The Washington Post has an interesting editorial today largely in support of Senator Lindsey Graham's new habeas bill. Like me, the Post expresses sympathy for Graham's basic project, and objects to the probable cause standard for detention, instead of the preponderance-of-the-evidence standard Graham used last year. The editorial is notable for another reason: Its concise and accurate reflection of the change of fortune the government and habeas counsel have experienced over the last year as these cases have wound their way through the courts. It has become something of a meme in the press that the government loses a lot of the Guantanamo habeas cases. But as readers of Lawfare (and virtually no other publication) know, that's actually not true anymore. The Post editorial puts it this way:
In 2008, the Supreme Court ruled that detainees at the U.S. Naval Base in Guantanamo Bay, Cuba, had the right to challenge their detentions in federal court. The ruling was a victory for the rule of law, guaranteeing independent review of what had been the executive’s unchecked ability to hold suspects indefinitely.
But the broad pronouncement left many questions unanswered. The justices, for example, offered no specifics on how the lower courts should handle these cases. Congress and the White House have since failed to fill in the blanks. As a result, different judges on the U.S. District Court for the District of Columbia have often reached radically different conclusions on which standards to apply and which approaches to take on everything from the admissibility of evidence to the basis for determining whether a detainee was part of a terrorist organization.
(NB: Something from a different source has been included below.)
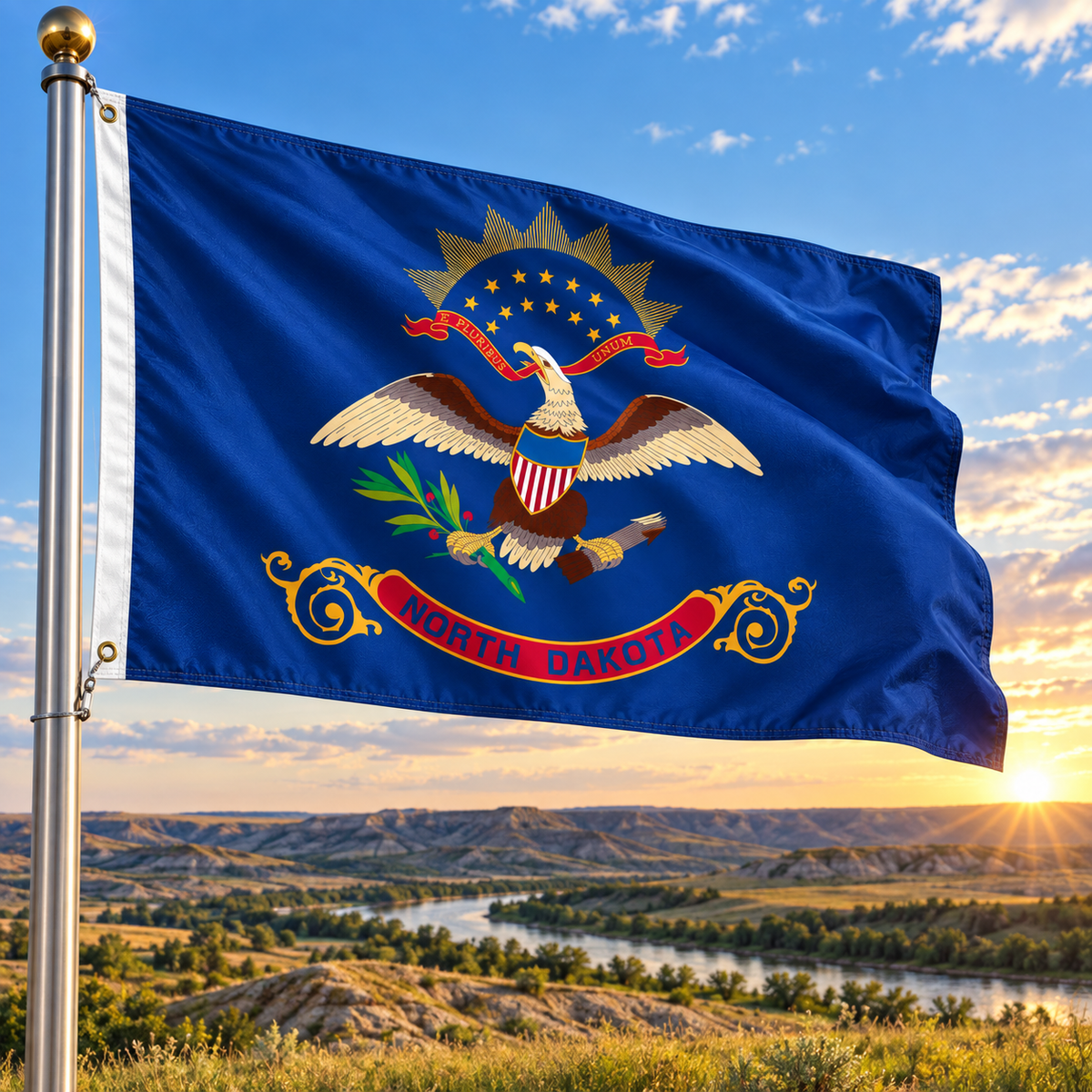 Nylon North Dakota State Flag-3'x5' to 6x10'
Early on, this hodgepodge approach often benefited detainees, a significant number of whom prevailed in arguing that they should never have been picked up in the first place. Then the cases began to get a second look from the D.C. federal appeals court, which often reversed the lower court rulings and established standards more favorable to the government. The precipitous seesawing has not been pretty—but it has not been the fault of the judges, who were forced to make up the law as they went along because of a lack of leadership from the political branches.